![](http://www.ebpbahia.com.br/jornadas/2018/wp-content/uploads/2018/06/foto_bruno.jpg)
Bruno de Oliveira – Associado do IPB-BA
Em Prometeu acorrentado, de Ésquilo, somos apresentados ao mito de Prometeu, um titã que usurpa dos deuses o fogo e o entrega às mãos dos homens. Segundo o mito, é do ato transgressor de Prometeu que a humanidade recebe a sua criatividade, o seu espírito e a sua paixão, ou seja, o homem passa a ser aquele que produz um saber. O fogo é o saber.
Tal qual na essência desse mito, onde o saber perde o estatuto do particular e se torna compartilhado, a fala de Nelson Pretto, convidado da EBP-BA, discorre sobre a “Intimidade em cena: diálogos com a comunicação”. Para Pretto, a partir da década de 60, ocorreu uma expansão da mídia de massa onde não havia a intimidade em cena, mas a passividade do sujeito regido por uma lógica de homogeneização, um padrão global, comandado por poucas corporações em uma perspectiva de dominação. As grandes mídias, então, encarnavam o papel do mestre ditando as normas e os gostos sociais. O sujeito aqui, tal como no discurso do mestre, não entrava em cena.
Paralelamente, surgem os primeiros trabalhos voltados à construção de novas tecnologias permitindo, a princípio, que poucos jovens gradualmente provocassem uma alteração crucial no discurso vigente, construindo o que mais tarde viria a ser conhecido como internet. Como Prometeu, os jovens dos anos sessenta, descritos por Pretto como “cabeludos e revolucionários”, promoveram uma mudança no discurso de uma geração ao usurpar o saber da detenção monopolizada das mídias de massa, colocando em evidência o sujeito e consequentemente a sua entrada em cena.
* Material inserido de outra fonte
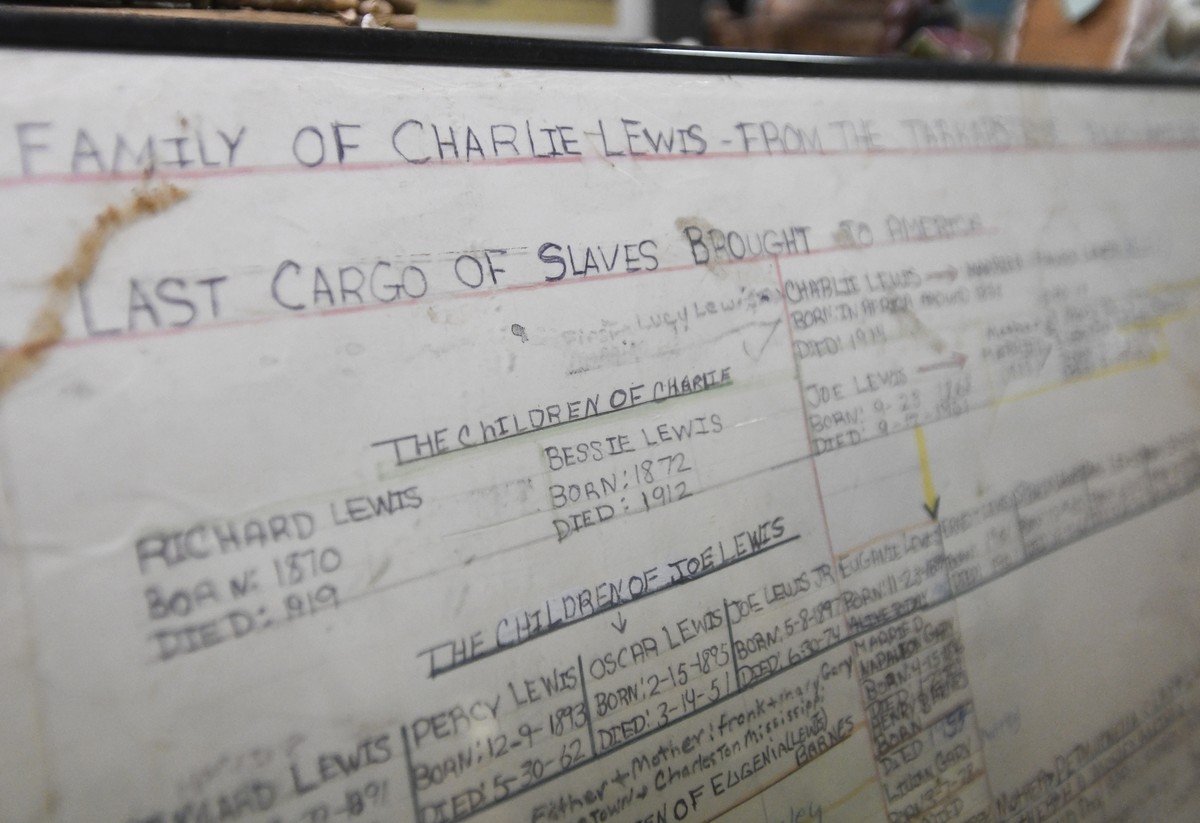 Lorna Gail Woods, a direct descendant of Clotilda survivor Charlie Lewis, explains her family tree in Africatown in Mobile, Ala., on Tuesday, Jan. 29, 2019. Woods grew up in Africatown and now keeps a ...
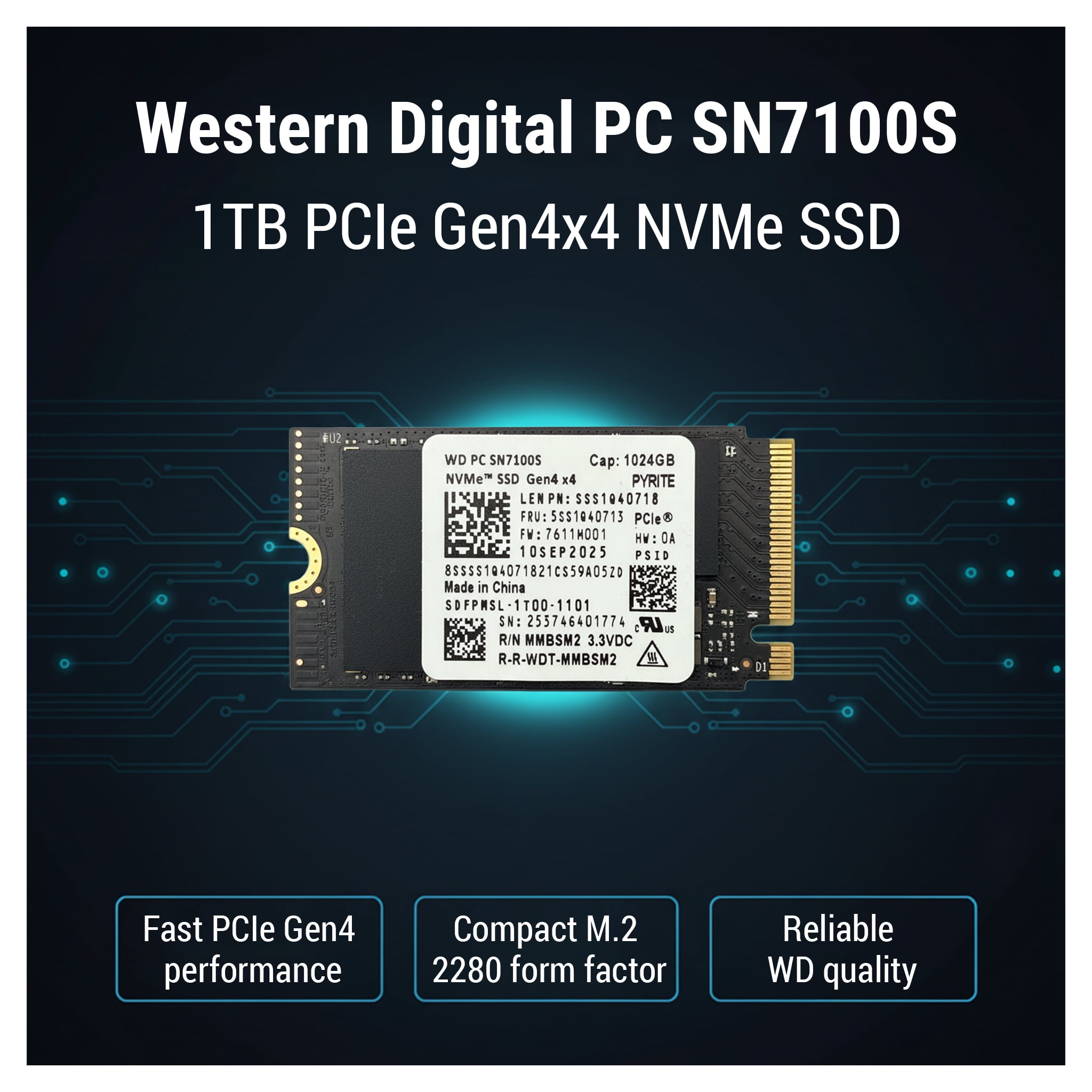 Western Digital PC SN7100S NVMe SSD 1024GB 2242 Gen 4x4 SDFPMSL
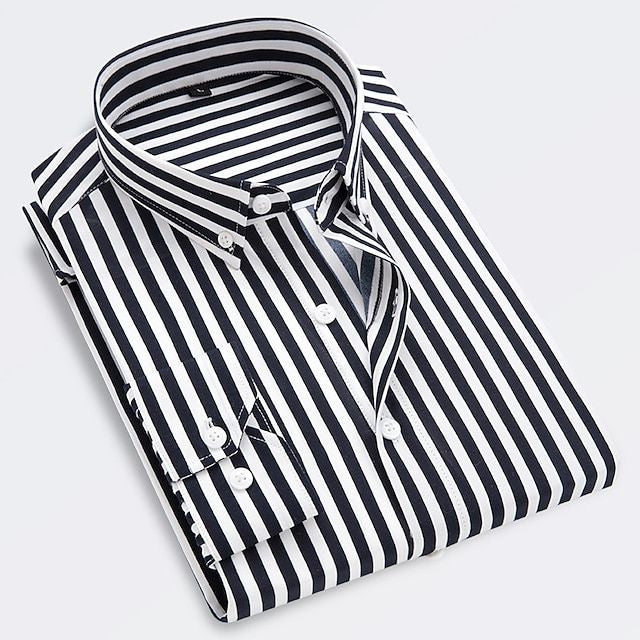Ervino - Chemise slim-fit en coton à rayures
Esses hackers da era da internet pautaram sua ética desafiando a ordem estabelecida das grandes mídias e adotando a liberdade de expressão na divulgação do conhecimento. O sujeito da contemporaneidade, tal como no mito grego, é convocado a aparecer como condição de sua existência através dos diversos gadgets que proliferam na atualidade.
Para Pretto, estes gadgets passaram a fazer parte de nós mesmos. Para a psicanálise, essa fusão não é sem consequências na relação do sujeito com o Outro, pois, com a incidência do discurso capitalista, é preciso estar atento ao que entra, de fato, em cena.
De acordo com Miller (2016), o saber na contemporaneidade está no bolso, ou seja, nos gadgets. Com o capitalismo e sua produção desenfreada de objetos, o discurso do mestre passa por uma mutação onde o sujeito entra em cena obturado pelo objeto em uma relação de mais-de-gozar incessante onde o Outro, foracluído dessa relação, ocupa agora a posição de espectador. Em outras palavras, o que se vê, de fato, no abrir das cortinas do palco da contemporaneidade é um gozo exibicionista, relutante ao laço. Ao sujeito, desvanecido, lhe resta os bastidores, pois nada quer saber sobre esse gozo.
Prometeu, do grego Promethéus ou antevisão, pressupõe o ato de antever, de visão antecipada que remete ao desejo de saber. Contrariamente, o que entra em cena atualmente é um efeito antiprometeu, um rechaço ao saber em prol de um empuxo ao gozo desmedido. Afinal, se levarmos em consideração que a “extimidade” requer um endereçamento de uma falta ao Outro, o que entra em cena na contemporaneidade do mais-de-gozar é a intimidade ou justamente a tentativa de sua anulação?